2. The relationship between politicians and contractors. An entrepreneur seeking to accommodate 150,000 people definitely has to be on good terms with public institutions, ranging from the Public Housing Authority to the municipalities. A one-percentage point increase in the zoning right on any given piece of land means billions of liras of additional rent. How is this decided? How do entrepreneurs and public investors share the additional rent? Do these decisions take into account the views and sensitivities of the people affected by the projects? I don’t know the answers to these questions, but I guess they lie somewhere between the politicians and contractors, and the way politics is financed in Turkey.
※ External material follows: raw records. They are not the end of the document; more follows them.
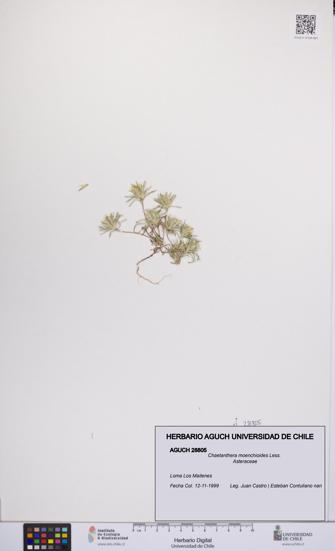 Chaetanthera moenchioides [Espécimen: UCH:AGUCH:0028805]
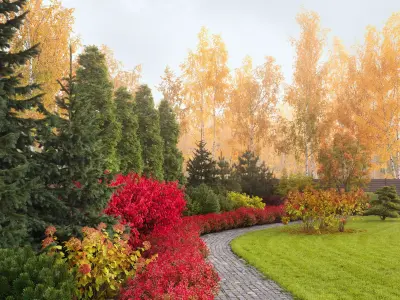 Plants Collection 2 3D model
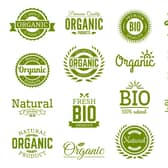 Eco-friendly labels (photo: adobe)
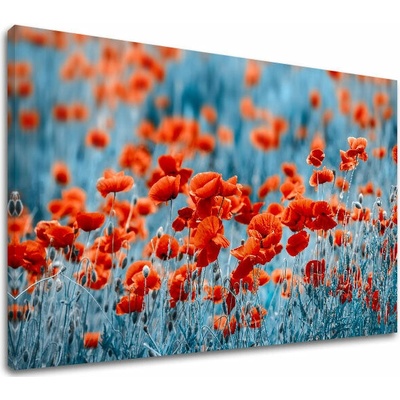 Obraz na stenu ČERVENÉ KVETY_159-11 - 20x30 cm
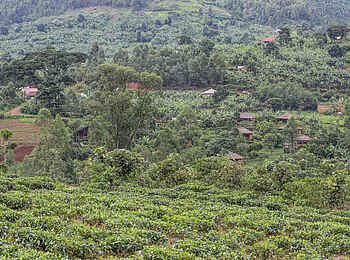 Mahogany Springs Safari Lodge: Blick auf die Lodge von der anderen Talseite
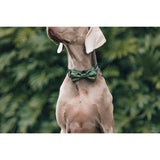 Dog Collar and Bow Tie Camouflaged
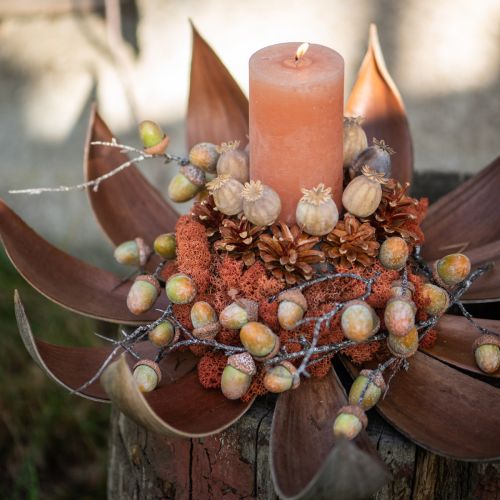 Cáscaras de coco natural 60cm 5uds | Floristik24.es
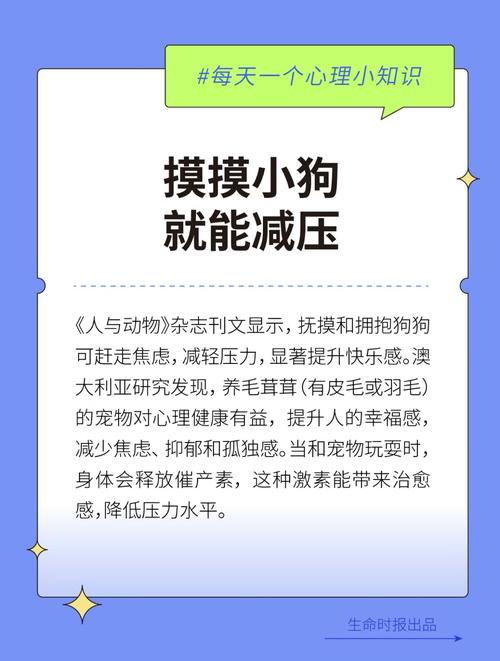 瑟瑟缩缩打一生肖动物的简单介绍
3. The relationship between the construction sector and Turkey’s economy. How can a young person in Turkey become a dollar-billionaire? By engaging in high-tech production and exports? If you try this path in Turkey, you will be labeled as an idiot. Instead, you purchase a land with a building permit for 30,000 square meters and find your way in the municipality to change the zoning plan to construct a 165,000 square-meter building and easily earn an additional 1 million Euro ($1.3 billion). Istanbul was home to 3900 such zoning-plan alterations between 2004 and 2008.[3] I think this answers how Turkey has been able to prosper rapidly by barely investing in education and high-tech industry. But the million-dollar questions to me are: what does it mean for Turkey to invest its limited capital in urban rents rather than in education or industry? Could this be harmful for our economic growth in the long-term?

If we don’t discuss these questions and relations, the national agenda will be swamped by absurd projects. Want to see an example?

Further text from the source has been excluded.